TGE alone (and its licensors, where applicable) own and shall retain all right, title and interest, including all related intellectual property rights, in and to the Services, including without limitation all information, software, text, displays, images, video and audio, and the design,selection and arrangement thereof, and such materials are protected by United States and international copyright, trademark, patent, trade secret and other intellectual property or proprietary rights laws.
This Agreement is not a sale and does not convey to you any rights of ownership in or related to the Services, or any intellectual property rights owned by TGE or its licensors. TGE name, logo and product and service names associated with the Services are trademarks of TGE or third parties, and no right or license is granted to use them. No right, title or interest in or to the Services or materials provided therewith is granted or transferred to you except as expressly set forth herein, and all rights not expressly granted herein are reserved by TGE. Any use of the Services or materials provided therewith that is not expressly permitted by this Agreement constitutes a breach of this Agreement and may violate copyright, trademark or other applicable laws.

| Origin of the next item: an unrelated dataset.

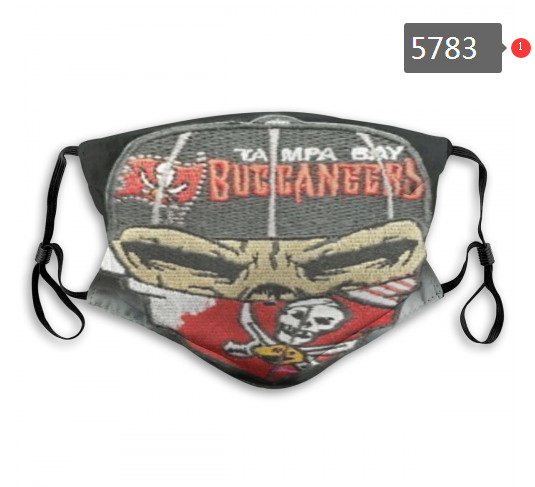 Buccaneers Skull Mask with PM2.5 Filter Double Protection  (2)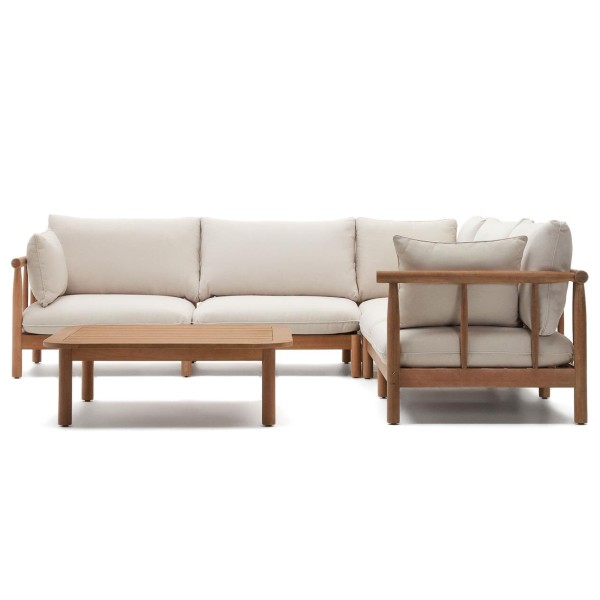 Комплект садових меблів Sacova: кутовий диван та столик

Any suggestions, ideas, proposals or other material submitted to by you to TGE relating to the Services (“Feedback”) shall be non-confidential and non-proprietary, and TGE shall not be liable for the disclosure or use of any Feedback. You hereby grant and agree to grant TGE a worldwide, non-exclusive, perpetual, irrevocable, royalty-free, fully-paid, sublicensable and transferable right and license to incorporate, make, use, copy, publish, distribute, further develop, modify and otherwise exploit Feedback for any purpose, commercial or otherwise, without compensation or accounting to you and without further recourse by you.
As part of using the Services, you may obtain personal information, including email addresses, from other users. Without obtaining prior permission from the user, this personal information will only be used for Services-related communications. TGE has not granted you a license to use the information for unsolicited commercial messages or unauthorized transactions. Without limiting the foregoing, without express consent from the user, you are not licensed to add, and you shall not add, any user to your email or physical mail list.
TGE does not control the information provided by users. Some information provided by users may be offensive, harmful, inaccurate, or deceptive. There are also risks of dealing with underage persons or people acting under false pretense. Additionally, there may also be risks dealing with foreign nationals. By using the Services, you agree to accept these risks and that TGE (and its officers, directors, agents, subsidiaries, joint ventures and employees) is not responsible for any and all acts or omissions of users of the Services.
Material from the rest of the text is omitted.